InfoQ

The Software Architects' Newsletter
September 2021
View in browser

Welcome to the InfoQ Software Architects' Newsletter! Each month, we bring you essential news and experience from industry peers on emerging patterns and technologies.

This month, we focus on the topic of "Architecting for Resilience". Identified as an "early adopter" trend in the recent Architecture and Design InfoQ Trends Report, designing for resilience, and the emergence of supporting technologies, is becoming increasingly popular, particularly in cloud and microservice-based systems. However, key challenges remain for architects designing such systems, including both human and technical issues.

News

Building Reliable Systems and Teaching SRE Apprentices

In a recently published QCon Plus talk recording, Ana Margarita Medina, senior chaos engineer at Gremlin, shared how she has been using chaos engineering to build reliable systems. She also explored how chaos engineering can be used to decouple a system's weak points, learn from incidents, and improve monitoring and observability.

In a related InfoQ podcast, Thomas Betts spoke with Tammy Bryant Butow, principal SRE at Gremlin, about training new site reliability engineers. The discussion covered the establishment of a formal SRE Apprenticeship program Bryant Butow led at DropBox and explored ideas about the best way to teach people new technical skills. There are benefits for the trainees, the mentors, and the company when people put in the effort to create a formal training program.

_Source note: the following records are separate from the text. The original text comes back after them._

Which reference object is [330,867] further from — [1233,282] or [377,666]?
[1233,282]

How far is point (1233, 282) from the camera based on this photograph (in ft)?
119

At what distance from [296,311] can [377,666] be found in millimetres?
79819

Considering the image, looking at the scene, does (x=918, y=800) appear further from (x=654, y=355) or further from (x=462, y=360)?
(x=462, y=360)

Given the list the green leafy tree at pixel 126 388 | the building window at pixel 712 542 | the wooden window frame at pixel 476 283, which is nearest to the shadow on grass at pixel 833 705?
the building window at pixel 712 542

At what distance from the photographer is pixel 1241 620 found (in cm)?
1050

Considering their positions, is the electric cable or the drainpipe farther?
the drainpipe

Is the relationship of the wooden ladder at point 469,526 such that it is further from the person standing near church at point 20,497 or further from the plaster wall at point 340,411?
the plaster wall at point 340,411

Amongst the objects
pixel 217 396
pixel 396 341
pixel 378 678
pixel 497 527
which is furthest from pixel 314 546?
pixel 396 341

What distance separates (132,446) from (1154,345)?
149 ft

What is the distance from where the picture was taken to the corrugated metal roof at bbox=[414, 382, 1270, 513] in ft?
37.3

Cloud Providers Publish Ransomware Mitigation Strategies

In the last few weeks AWS, Azure, and Google Cloud have posted articles and documentation with suggestions on ransomware mitigation techniques on the cloud, highlighting the main protections and recovery preparation actions. Renato Losio recently provided a summary of these ransomware mitigations on InfoQ.

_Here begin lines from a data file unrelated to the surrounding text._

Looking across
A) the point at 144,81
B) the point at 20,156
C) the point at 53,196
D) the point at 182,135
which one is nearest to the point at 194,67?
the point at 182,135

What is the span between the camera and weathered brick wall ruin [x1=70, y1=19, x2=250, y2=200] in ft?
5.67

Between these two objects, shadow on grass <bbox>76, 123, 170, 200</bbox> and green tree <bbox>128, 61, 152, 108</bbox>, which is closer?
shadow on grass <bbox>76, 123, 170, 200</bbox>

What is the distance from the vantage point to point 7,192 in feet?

The preemptive actions suggested by AWS in the guide Ransomware mitigation: Top 5 protections and recovery preparation actions include data encryption, setting up the ability to recover apps and data, applying critical patches to the servers, following a defined security standard, and having monitoring and automating responses in place. Azure focused on what to do before and during an attack to protect sensitive data and ensure a rapid recovery of business operations, and Google Cloud published the article Best practices to protect your organization against ransomware threats, where a similar list of five pillars are defined.

Designing a Microservices Architecture for Failure

This Rising Stack article explores how microservices architecture makes it possible to isolate failures through well-defined service boundaries, and introduces the most common techniques and architecture patterns to build and operate a highly available microservices system.

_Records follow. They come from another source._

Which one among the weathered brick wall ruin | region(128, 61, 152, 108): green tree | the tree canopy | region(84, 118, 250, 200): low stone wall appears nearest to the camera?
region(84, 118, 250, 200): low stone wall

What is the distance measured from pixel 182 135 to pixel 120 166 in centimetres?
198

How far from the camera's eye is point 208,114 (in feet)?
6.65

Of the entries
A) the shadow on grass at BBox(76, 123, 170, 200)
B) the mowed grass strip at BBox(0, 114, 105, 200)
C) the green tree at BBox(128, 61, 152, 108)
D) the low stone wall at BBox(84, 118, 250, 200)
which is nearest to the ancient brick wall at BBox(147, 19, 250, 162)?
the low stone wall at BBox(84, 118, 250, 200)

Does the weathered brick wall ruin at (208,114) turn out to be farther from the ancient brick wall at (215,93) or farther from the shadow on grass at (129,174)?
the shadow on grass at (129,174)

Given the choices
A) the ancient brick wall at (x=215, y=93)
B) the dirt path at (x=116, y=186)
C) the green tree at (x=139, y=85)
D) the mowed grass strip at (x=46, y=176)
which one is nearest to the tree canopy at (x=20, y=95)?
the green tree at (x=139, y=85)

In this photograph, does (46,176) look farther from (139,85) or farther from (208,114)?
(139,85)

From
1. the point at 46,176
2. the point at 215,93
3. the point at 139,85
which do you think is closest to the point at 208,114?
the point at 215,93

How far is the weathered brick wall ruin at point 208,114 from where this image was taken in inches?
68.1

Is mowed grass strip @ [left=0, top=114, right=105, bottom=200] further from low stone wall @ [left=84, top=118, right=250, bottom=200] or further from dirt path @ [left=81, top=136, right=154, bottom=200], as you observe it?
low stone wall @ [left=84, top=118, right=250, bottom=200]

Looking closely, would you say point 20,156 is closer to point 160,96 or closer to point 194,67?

As with every distributed system, there is a higher chance for network, hardware, or application-level issues. As a consequence of service dependencies, any component can be temporarily unavailable for its consumers. To minimize the impact of partial outages we need to build fault-tolerant services that can gracefully respond to certain types of outages.

Related to this topic, in their upcoming book, Software Architecture: The Hard Parts, Neal Ford and Mark Richards explain that every architectural decision involves trade-offs, and they provide guidance on how to evaluate those trade-offs. In a recent episode of the InfoQ Podcast, co-host Thomas Betts spoke with Neal and Mark about the role of a software architect and the skills necessary to be successful. One of the hardest parts is recognizing that there are no right or wrong answers, or easy decisions, and this can be especially challenging for those who come from a programming background.

 

Case Study

Building Reliable Software Systems with Chaos Engineering

In a recent InfoQ Q&A, editor Ben Linders sat down with Casey Rosenthal, CEO and co-founder of Verica, and discussed how to build reliable software systems with chaos engineering.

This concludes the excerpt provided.